● **RECORD EXTRACTS**:
————————

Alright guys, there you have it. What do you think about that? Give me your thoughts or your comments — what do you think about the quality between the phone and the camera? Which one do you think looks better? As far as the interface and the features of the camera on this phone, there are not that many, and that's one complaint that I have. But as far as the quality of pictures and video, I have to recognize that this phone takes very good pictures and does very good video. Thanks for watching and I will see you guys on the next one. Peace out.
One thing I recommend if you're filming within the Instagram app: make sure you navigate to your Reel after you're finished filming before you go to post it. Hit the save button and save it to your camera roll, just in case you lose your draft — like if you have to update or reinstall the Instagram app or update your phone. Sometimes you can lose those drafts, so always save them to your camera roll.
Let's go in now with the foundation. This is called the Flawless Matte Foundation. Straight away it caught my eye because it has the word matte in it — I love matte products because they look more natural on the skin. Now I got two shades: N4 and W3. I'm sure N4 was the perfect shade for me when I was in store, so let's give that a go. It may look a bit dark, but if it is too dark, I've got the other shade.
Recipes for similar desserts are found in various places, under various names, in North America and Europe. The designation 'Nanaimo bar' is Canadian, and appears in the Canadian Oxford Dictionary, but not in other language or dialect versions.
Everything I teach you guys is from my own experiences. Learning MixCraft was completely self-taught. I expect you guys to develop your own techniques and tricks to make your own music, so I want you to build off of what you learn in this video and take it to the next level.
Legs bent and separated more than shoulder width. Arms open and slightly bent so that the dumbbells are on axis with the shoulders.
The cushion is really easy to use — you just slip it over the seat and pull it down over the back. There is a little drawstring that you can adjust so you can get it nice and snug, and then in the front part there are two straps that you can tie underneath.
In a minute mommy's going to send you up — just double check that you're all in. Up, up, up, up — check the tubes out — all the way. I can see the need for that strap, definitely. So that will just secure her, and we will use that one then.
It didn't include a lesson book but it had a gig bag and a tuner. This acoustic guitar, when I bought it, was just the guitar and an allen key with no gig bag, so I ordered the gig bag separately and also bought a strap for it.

————————

● **DESCRIPTION OF THE TASK**: Each record above should be output again exactly.

● **TASK RESPONSE**:
Alright guys, there you have it. What do you think about that? Give me your thoughts or your comments — what do you think about the quality between the phone and the camera? Which one do you think looks better? As far as the interface and the features of the camera on this phone, there are not that many, and that's one complaint that I have. But as far as the quality of pictures and video, I have to recognize that this phone takes very good pictures and does very good video. Thanks for watching and I will see you guys on the next one. Peace out.
One thing I recommend if you're filming within the Instagram app: make sure you navigate to your Reel after you're finished filming before you go to post it. Hit the save button and save it to your camera roll, just in case you lose your draft — like if you have to update or reinstall the Instagram app or update your phone. Sometimes you can lose those drafts, so always save them to your camera roll.
Let's go in now with the foundation. This is called the Flawless Matte Foundation. Straight away it caught my eye because it has the word matte in it — I love matte products because they look more natural on the skin. Now I got two shades: N4 and W3. I'm sure N4 was the perfect shade for me when I was in store, so let's give that a go. It may look a bit dark, but if it is too dark, I've got the other shade.
Recipes for similar desserts are found in various places, under various names, in North America and Europe. The designation 'Nanaimo bar' is Canadian, and appears in the Canadian Oxford Dictionary, but not in other language or dialect versions.
Everything I teach you guys is from my own experiences. Learning MixCraft was completely self-taught. I expect you guys to develop your own techniques and tricks to make your own music, so I want you to build off of what you learn in this video and take it to the next level.
Legs bent and separated more than shoulder width. Arms open and slightly bent so that the dumbbells are on axis with the shoulders.
The cushion is really easy to use — you just slip it over the seat and pull it down over the back. There is a little drawstring that you can adjust so you can get it nice and snug, and then in the front part there are two straps that you can tie underneath.
In a minute mommy's going to send you up — just double check that you're all in. Up, up, up, up — check the tubes out — all the way. I can see the need for that strap, definitely. So that will just secure her, and we will use that one then.
It didn't include a lesson book but it had a gig bag and a tuner. This acoustic guitar, when I bought it, was just the guitar and an allen key with no gig bag, so I ordered the gig bag separately and also bought a strap for it.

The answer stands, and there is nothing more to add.